Proximity coherence for chip multiprocessors
The Nineteenth International Conference on Parallel Architectures and Compilation Techniques (PACT)
Many-core architectures provide an efficient way of harnessing the increasing numbers of transistors available in modern fabrication processes. While they are similar to multi-node systems, they exhibit different communication latency and storage characteristics, providing new design opportunities that were previously not feasible. Traditional cache coherence protocols, although often used in many-core designs, have been developed in the context of multinode systems. As such, they seldom take advantage of the new possibilities that many-core architectures offer. We propose Proximity Coherence, a scheme in which L1 load misses are optimistically forwarded to nearby caches via new dedicated links rather than always being indirected via a directory structure.

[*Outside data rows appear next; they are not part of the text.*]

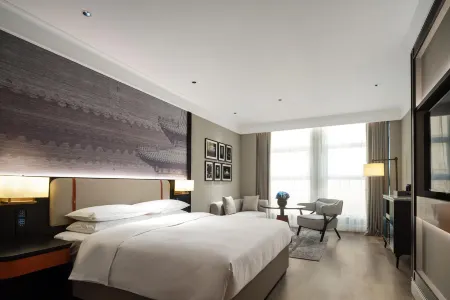 N31 Hotel Beijing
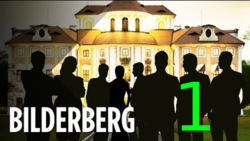 Bilderberg Guests Visit count 1.png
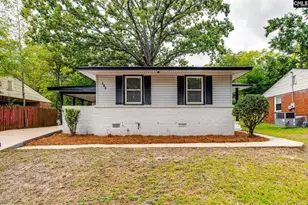 925 Airport Blvd, Columbia, SC 29205 - Photo 23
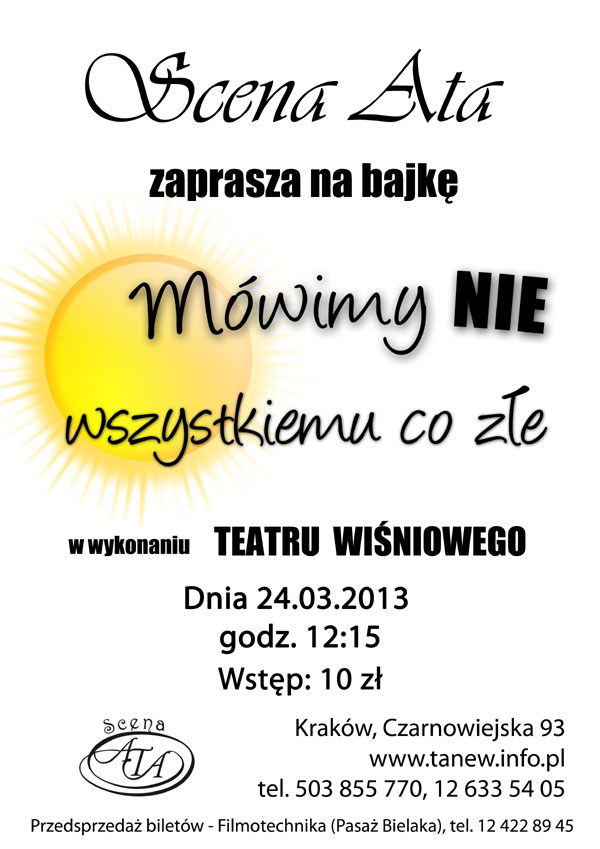 mowimynie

Such an optimization is made possible by the comparable cost of local cache accesses with the use of on-chip network resources. Coherency is maintained using lightweight graph structures embedded in the L1 caches. We compare our Proximity Coherence protocol to an existing directory-based MESI protocol using fullsystem simulations of a 32 core system. Our extension lowers the latency of L1 cache load misses by up to 32% while reducing the bytes transferred on the global on-chip interconnect by up to 19% for a range of parallel benchmarks. Employing Proximity Coherence provides execution time improvements of up to 13%, reduces cache hierarchy energy consumption by up to 30% and delivers a more efficient solution to the challenge of coherence in chip multiprocessors.